--- Input data ---
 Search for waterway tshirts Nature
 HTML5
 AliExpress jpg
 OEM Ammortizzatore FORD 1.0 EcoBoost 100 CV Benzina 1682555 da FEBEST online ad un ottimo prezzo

--- About this exercise ---
Word for word, retype the lines from the one containing "AliExpress jpg" through the final line of the data, including both ends and nothing more.

--- Answer to this exercise ---
 AliExpress jpg
 OEM Ammortizzatore FORD 1.0 EcoBoost 100 CV Benzina 1682555 da FEBEST online ad un ottimo prezzo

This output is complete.